Friday, 20 June 2014

More travel

I am just off to Lynchburg VA  (think the late Jerry Falwell!) for the marriage of Zhera Asghar to Noah Bonsey,   Noah and his family were/are parishioners at St. James's, Cambridge, MA

I was last in Lynchburg in 1975.  My then girl friend Anne and I were on the second leg of what turned out to be a 9,500 mile trip around the U.S.A. and Canada by 'bus.

We stopped in Lynchburg for the 'bus to be re-0fuelled and/or cleaned.  There was time for breakfast. Since this was my first foray into the South I decided to have grits  (for the first time)

They were about as exciting as stale bread in warm milk.

It was maybe six years ago that I was driving from Sarasota to Beaufort SC to spend Christmas with the Hauler family.  With me was my Brasilian friend Gabriel.

We had an early start, and cut across the State, avoiding inter-states.  My breakfast time we were in the aptly named town of Stark, FL.  (There is a State prison there - the venue for judicial executions).

We had few choices for breakfast so we went in to an IHOP.  The food was surprisingly "more than O.K.".
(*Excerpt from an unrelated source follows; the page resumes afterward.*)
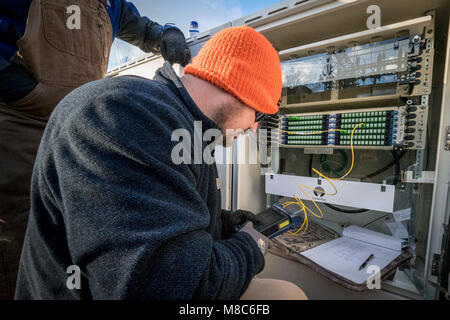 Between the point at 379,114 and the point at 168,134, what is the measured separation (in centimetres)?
91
The menu featured grits.  Gabriel asked me what they were.  I tried to explain, then I gave up.

"I can't explain them to you" I said to Gabriel, "so let's order some to share".

They were about as exciting as stale bread in warm milk. 
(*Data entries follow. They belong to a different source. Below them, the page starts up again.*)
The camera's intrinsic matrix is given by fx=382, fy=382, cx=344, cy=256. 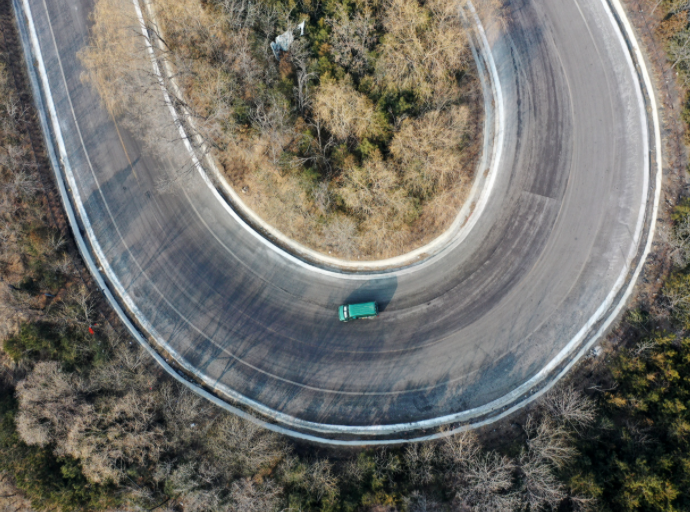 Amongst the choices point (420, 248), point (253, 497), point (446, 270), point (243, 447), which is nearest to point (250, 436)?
point (243, 447)

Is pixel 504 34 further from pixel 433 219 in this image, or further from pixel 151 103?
pixel 151 103

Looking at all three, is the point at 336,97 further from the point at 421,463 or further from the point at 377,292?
the point at 421,463

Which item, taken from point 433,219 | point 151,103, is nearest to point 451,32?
point 433,219

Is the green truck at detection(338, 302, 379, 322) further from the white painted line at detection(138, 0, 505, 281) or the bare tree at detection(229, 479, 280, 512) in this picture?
the bare tree at detection(229, 479, 280, 512)

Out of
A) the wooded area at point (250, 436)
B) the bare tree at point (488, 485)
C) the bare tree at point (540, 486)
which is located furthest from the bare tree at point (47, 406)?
the bare tree at point (540, 486)

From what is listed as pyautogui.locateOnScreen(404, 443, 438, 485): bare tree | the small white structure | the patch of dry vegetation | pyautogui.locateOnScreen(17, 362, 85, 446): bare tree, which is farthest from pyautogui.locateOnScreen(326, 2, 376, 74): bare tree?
pyautogui.locateOnScreen(17, 362, 85, 446): bare tree

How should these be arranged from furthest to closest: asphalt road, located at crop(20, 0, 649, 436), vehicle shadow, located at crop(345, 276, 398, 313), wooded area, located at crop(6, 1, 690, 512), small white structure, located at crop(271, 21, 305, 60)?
1. vehicle shadow, located at crop(345, 276, 398, 313)
2. asphalt road, located at crop(20, 0, 649, 436)
3. small white structure, located at crop(271, 21, 305, 60)
4. wooded area, located at crop(6, 1, 690, 512)

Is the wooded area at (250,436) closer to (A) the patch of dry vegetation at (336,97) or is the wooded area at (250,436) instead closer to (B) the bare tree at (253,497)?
(B) the bare tree at (253,497) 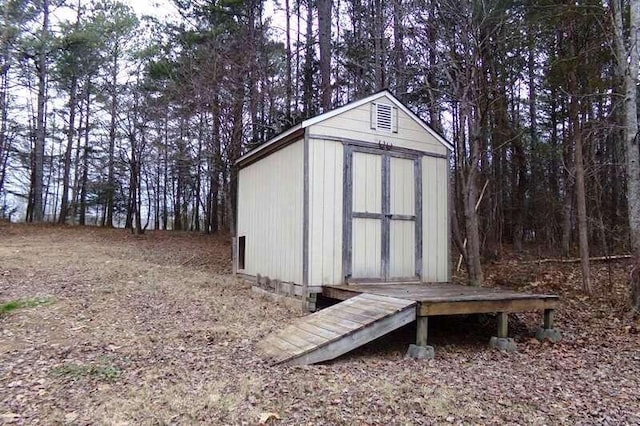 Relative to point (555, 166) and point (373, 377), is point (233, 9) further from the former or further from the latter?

Much better will be a joyful time with Noah and Zehra and their families, together with other guests from Cambridge.

Back in touch on Sunday


There will be grits in Lynchburg, so I may have a "memorial" serving.

Thursday, 19 June 2014

Redskins/Patent Office etc

The U.S. Patent and Trademark Office has withdrawn the  trademark protections of the Washington Redskins.

The effect of the ruling is a bit ironic. It means that any John or Jane Doe can use the logos of the Washington Redskins at will.  In practical terms, the use of "Redskins" is now broadened rather than denied.

The Football ream will of course appeal this governmental ruling.  This means that the ruling is moot for the time being. 

You will be surprised to read that I hope the Washington Redskins organization will prevail in the Courts.

Don't get me wrong.  I know that the use of "Redskins" to promote an American Football team is at the least insensitive, and at the most offensive.

American Indian peoples have a proud heritage. That heritage has been ignored, disparaged, and denigrated by many in the predominate Euro/American culture. 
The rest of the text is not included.